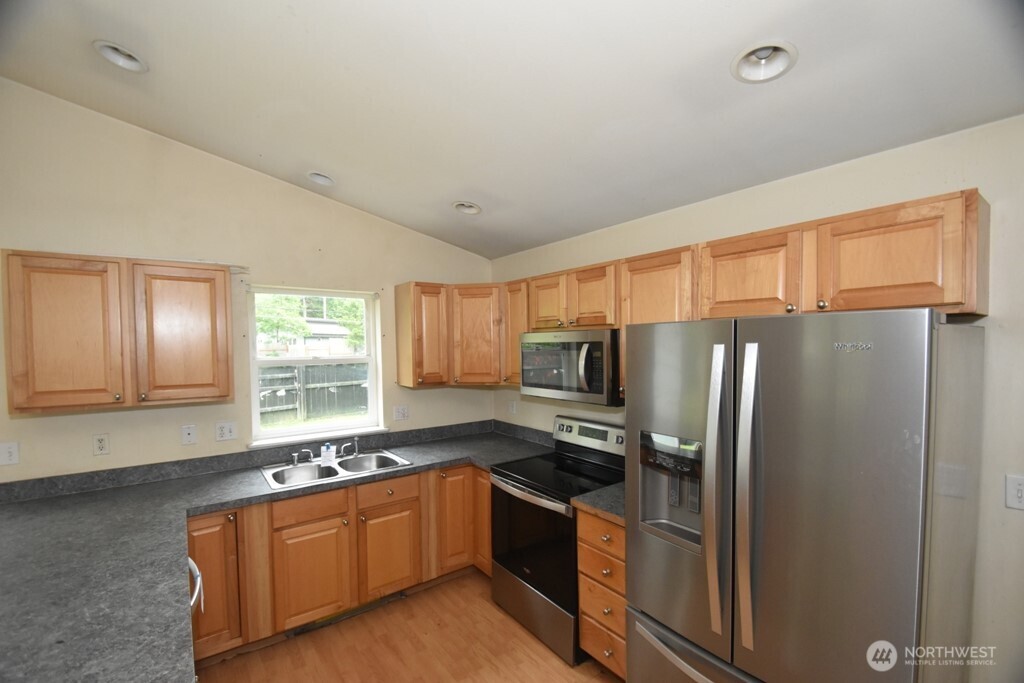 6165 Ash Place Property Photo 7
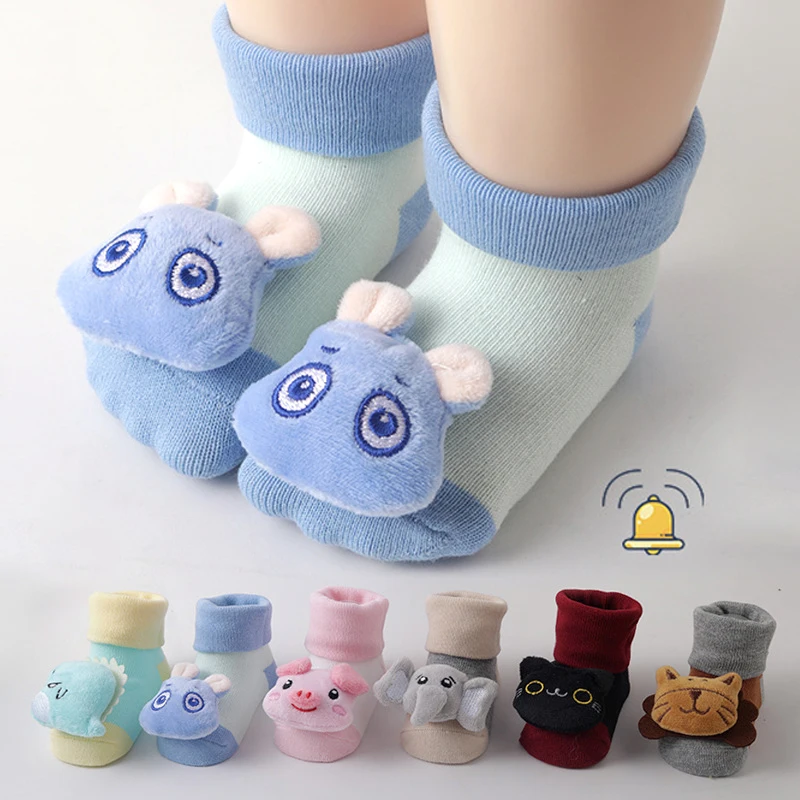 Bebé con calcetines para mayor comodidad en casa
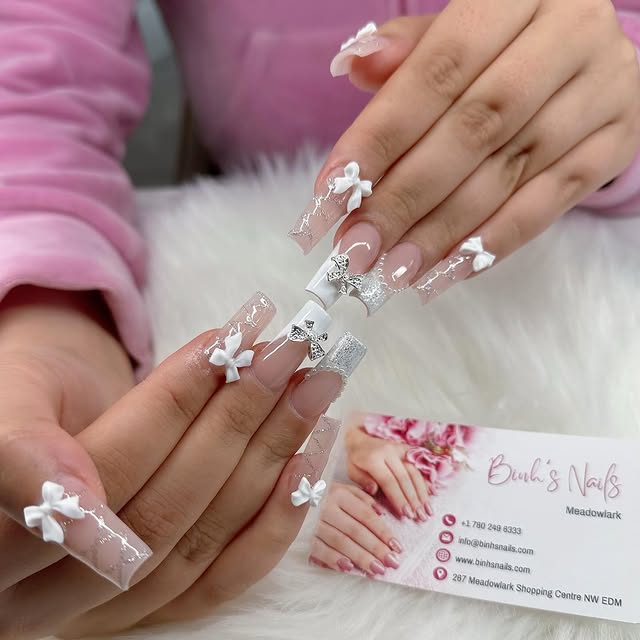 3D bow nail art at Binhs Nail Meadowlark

## What is expected
Every line from the one containing "Bebé con calcetines" through the last line of the data, both included, is to be repeated exactly; the pictures are to be left out.

## Completed task
 Bebé con calcetines para mayor comodidad en casa
 3D bow nail art at Binhs Nail Meadowlark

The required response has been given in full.